Exhibit 99.1
FOR: | Jarden Corporation | |||
CONTACT: | Martin E. Franklin | |||
Chairman and | ||||
Chief Executive Officer | ||||
914-967-9400 | ||||
Investor Relations: Erica Pettit | ||||
Press: Evan Goetz/ Melissa Kahaly | ||||
FD | ||||
212-850-5600 |
FOR IMMEDIATE RELEASE
JARDEN REPORTS THIRD QUARTER 2009 RESULTS
Record Third Quarter Cash Flow from Operations of $117 Million, Compared to a Use of Cash of
$(12) Million in 2008
RYE, N.Y., October 28, 2009 — Jarden Corporation (NYSE: JAH) today reported its financial results for the three and nine months ended September 30, 2009.
For the three months ended September 30, 2009, net sales decreased to $1.4 billion compared to $1.5 billion for the same period in the previous year. Approximately $44 million of the $104 million decrease in net sales was due to foreign exchange fluctuations and declines in Jarden Process Solutions between the periods. The balance of the decrease was primarily due to overall retail weakness as a result of the macro economic environment.
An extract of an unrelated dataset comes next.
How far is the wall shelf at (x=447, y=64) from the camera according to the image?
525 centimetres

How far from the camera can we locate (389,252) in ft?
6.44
For the third quarter of 2009, the Company recorded net income of $73.7 million, or $0.83 per diluted share, compared to net income of $63.8 million, or $0.83 per diluted share, for the third quarter of 2008. On a non-GAAP basis, adjusted net income was $82.2 million, or $0.93 per diluted share, for the third quarter of 2009, compared to $74.9 million, or $0.98 per diluted share, for the third quarter of 2008.
For the nine months ended September 30, 2009, net sales decreased to $3.8 billion compared to $4.0 billion for the same period in the previous year. Approximately $189 million of the $273 million decrease in net sales was due to foreign exchange fluctuations and declines in Jarden Process Solutions between the periods. The balance of the decrease was primarily due to overall retail weakness as a result of the macro economic environment. For the nine months ended September 30, 2009, the Company recorded net income of $127.5 million, or $1.53 per diluted share, compared to net income of $111.5 million, or $1.46 per diluted share, for the same period in 2008. On a non-GAAP basis, adjusted net income was $152.0 million, or $1.82 per diluted share, for the nine months ended September 30, 2009, compared to $146.2 million, or $1.91 per diluted share, for the same period in 2008.
Please see the schedule accompanying this release for a reconciliation of non-GAAP segment earnings, adjusted net income and adjusted diluted earnings per share to the comparable GAAP measures.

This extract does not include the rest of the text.